The various applications of DTV must be constructed based on the specification of MPEG-2 System Layer [1] . Most of the international standards of DTV, such as DVB [2] or ATSC [3] , adopt MPEG-2 System Layer [1] specification as the basis bit-stream format and append various transmission schemes or Application Interfaces(API). For example, all the data broadcasted through various channels must be packaged as the Transport Stream(TS) format. All the applications of DTV must transmit or store information via the bit-stream format specified by MPEG-2 System Layer as well.
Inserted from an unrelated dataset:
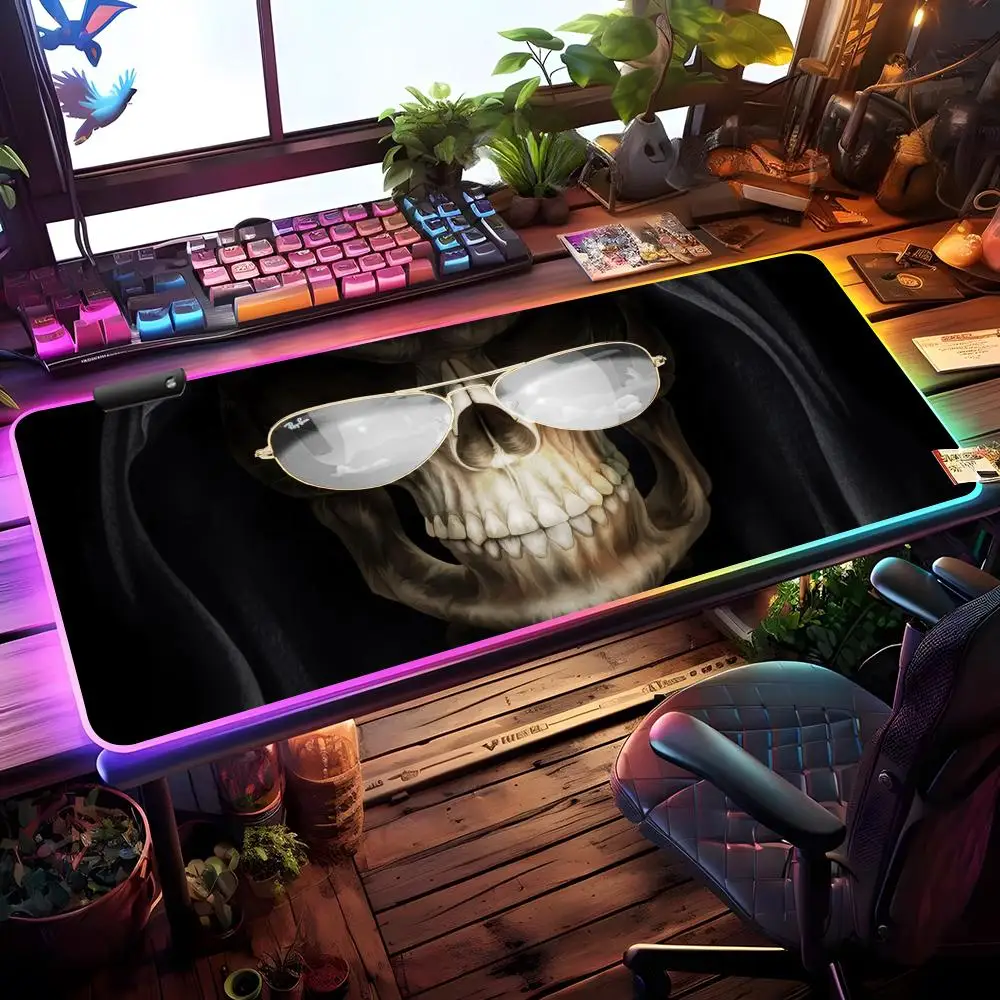 Коврик для мыши Black Skull RGB, игровой коврик для мыши, настольный коврик HD, большой игровой коврик с LED-подсветкой, XXL коврик для мыши
Коврик для мыши Black Skull RGB, игровой коврик для мыши, настольный коврик HD, большой игровой коврик с LED-подсветкой, XXL коврик для мыши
The Transport Stream Processor(TSP), which is one of important modules of DTV and in charge of processing the received transport stream, must be designed to meet various DTV applications on the basis of the specification of MPEG-2 System Layer [1] . The received signal from the broadcasting channel is typically demodulated and passed through the error correction module and the original transport stream is restored. The transport stream processor analyzes the transport stream, parse each necessary information which would be further delivered to the CPU of the system, and extracts the desired data streams which are further processed by the corresponding decoders.
There are two typical scheme to design the architectures of transport stream processor. One is to implement functions with dedicated hardware [4] [5] . The other is to allocate a micro-controller as the core of the transport stream processor, in which all the functions are implemented in software codes operated by the micro-controller [6] . Compared to the architecture with dedicated hardware, the micro-controllerbased architecture of transport stream processor has higher flexibility to update or extend the functions of transport stream processor [7] , but the consumption of the on-chip memory significantly increases the hardware cost of the transport stream processor. In contrast, the architecture with dedicated hardware consumes lower hardware cost, however, with low flexibility.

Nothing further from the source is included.